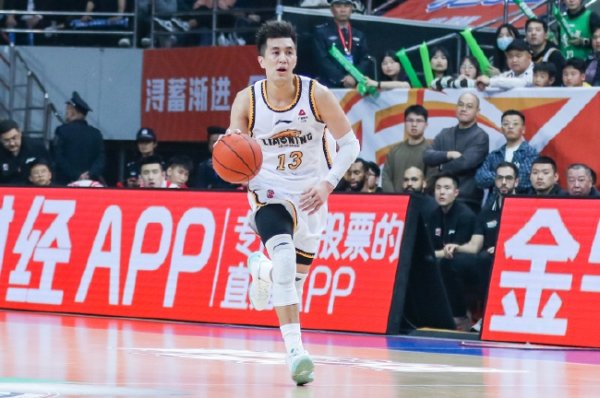 乐鱼体育app 郭艾伦：没想过会离开 经纪人都是临时找的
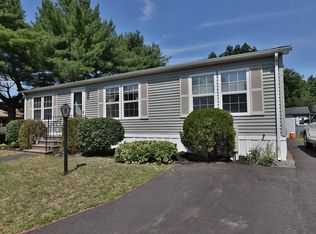 2 Douglas Dr, Carver, MA 02330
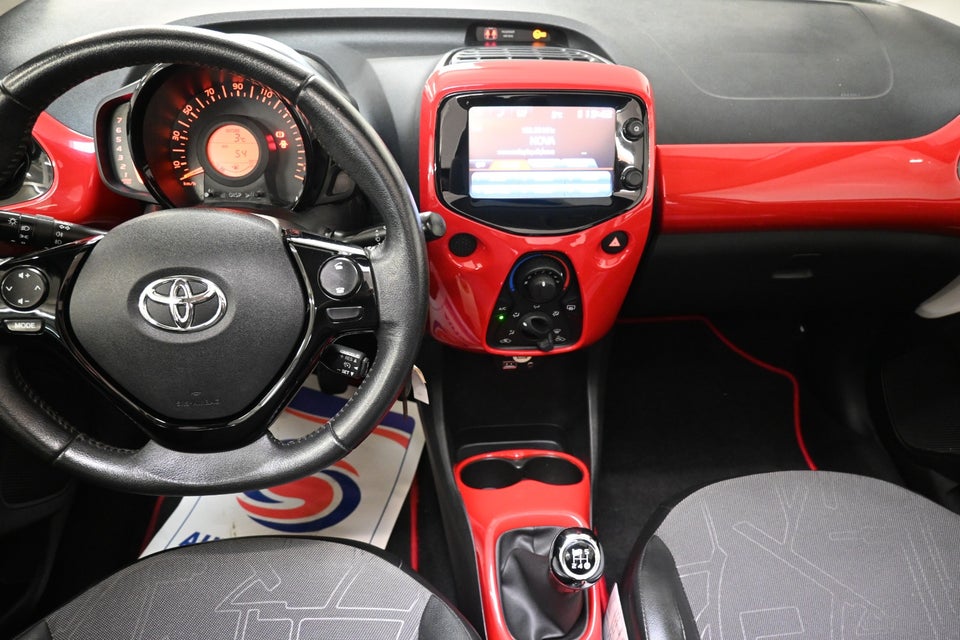 Toyota Aygo 1,0 VVT-i x-wave Sky 5d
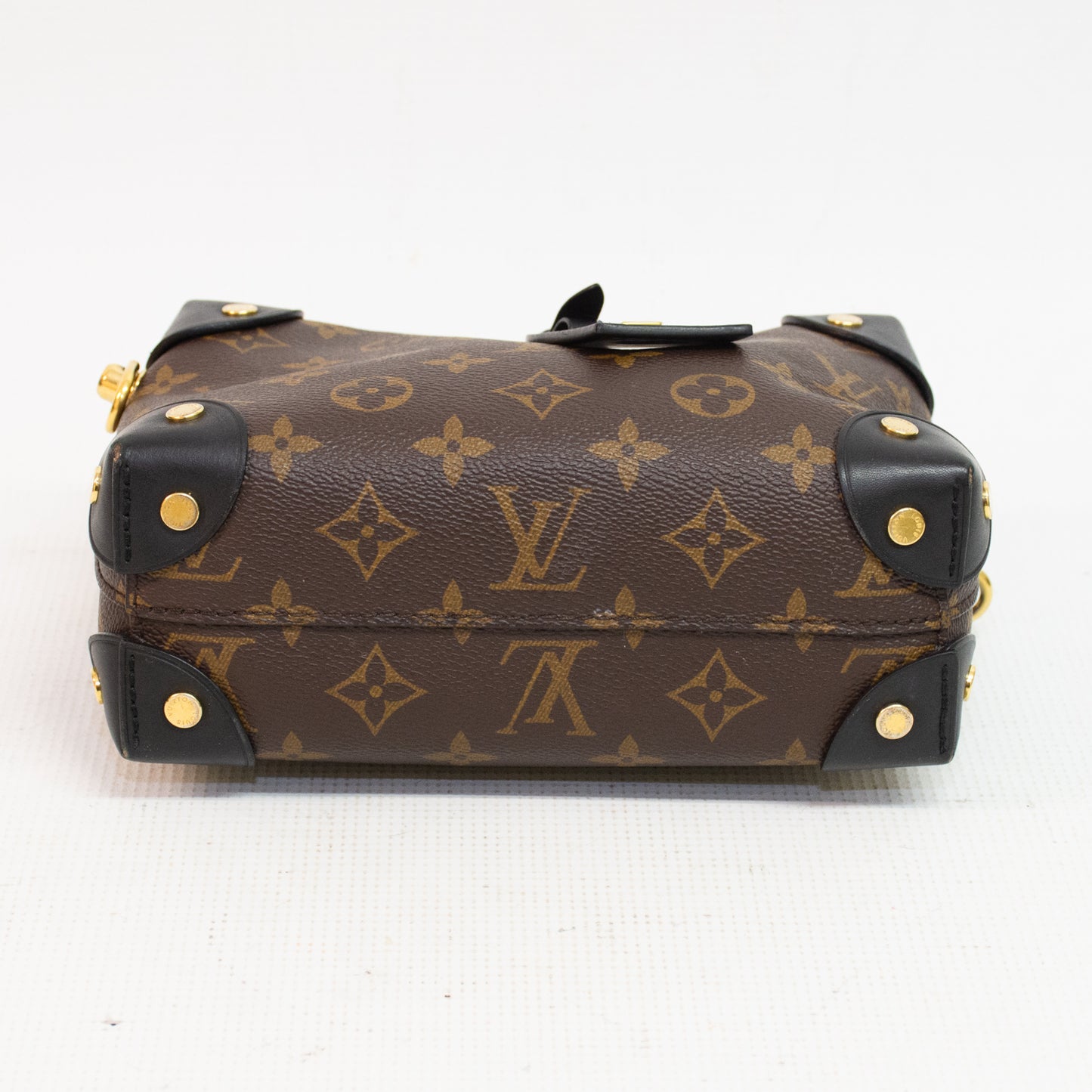 Louis Vuitton Malle Souple Petite Purse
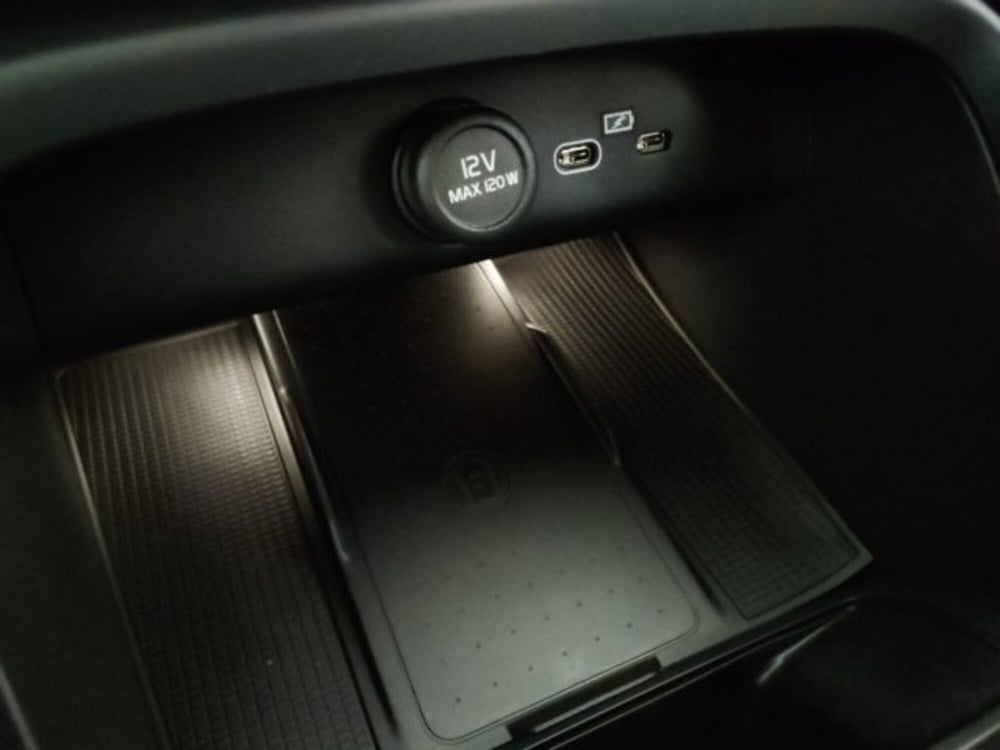 Volvo XC40 nuova a Modena (18)
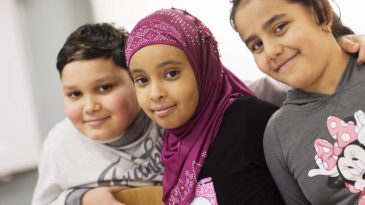 ”När Tobias läser är det som att titta på en film, fast med text”, säger Sumaya Hasan och Rana Ramadan håller med. Orlando Idic, Sumaya Hasan, Rana Ramadan och går i tvåan. Foto: Carina Gran.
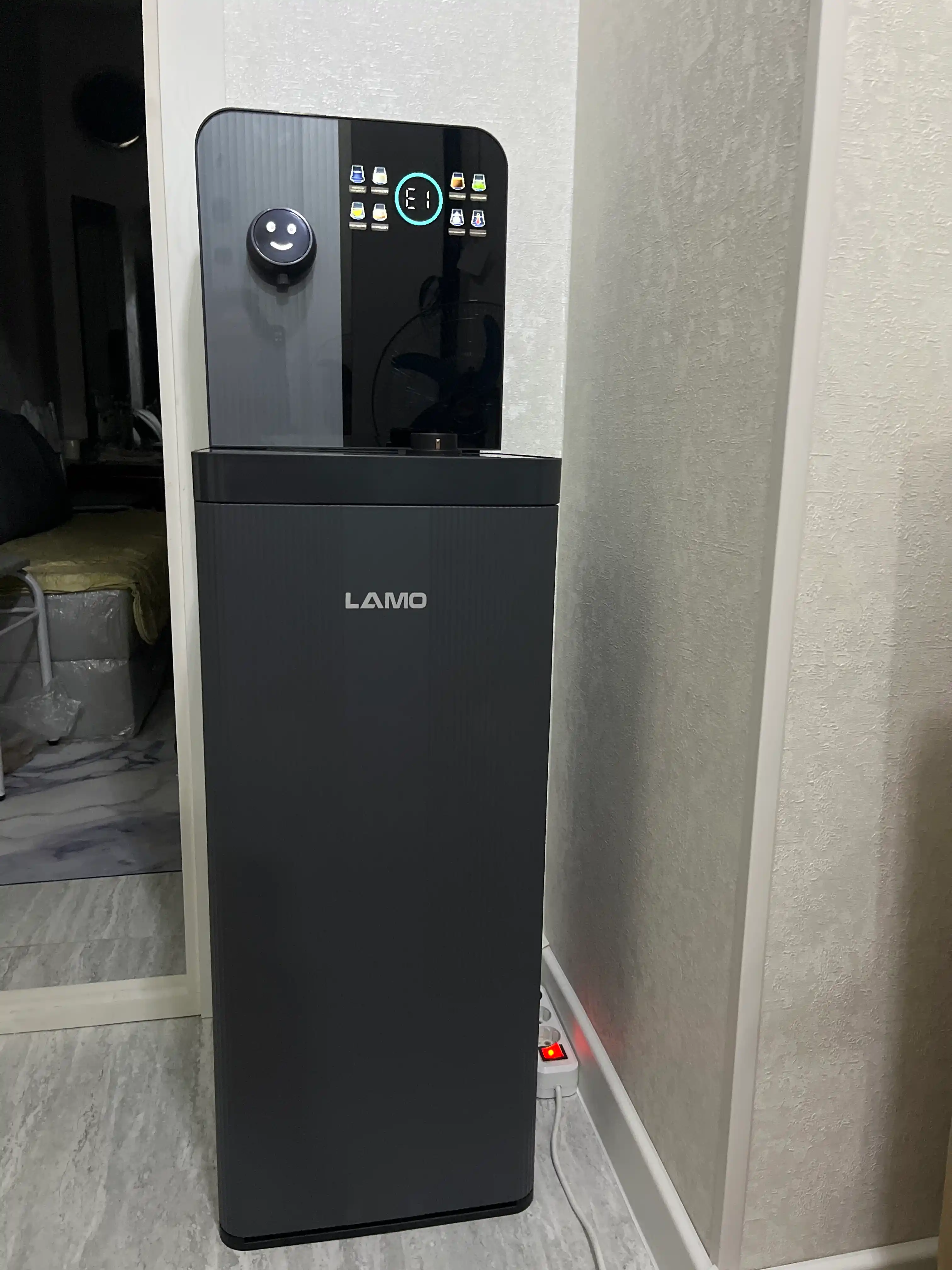 Кулер для воды LAMO LM-TE2503 с чайником и сенсорным управлением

- **TASK OBJECTIVE**
Each entry above should be copied exactly. The pictures should not.

- **OUTPUT FOR THIS TASK**
 乐鱼体育app 郭艾伦：没想过会离开 经纪人都是临时找的
 2 Douglas Dr, Carver, MA 02330
 Toyota Aygo 1,0 VVT-i x-wave Sky 5d
 Louis Vuitton Malle Souple Petite Purse
 Volvo XC40 nuova a Modena (18)
 ”När Tobias läser är det som att titta på en film, fast med text”, säger Sumaya Hasan och Rana Ramadan håller med. Orlando Idic, Sumaya Hasan, Rana Ramadan och går i tvåan. Foto: Carina Gran.
 Кулер для воды LAMO LM-TE2503 с чайником и сенсорным управлением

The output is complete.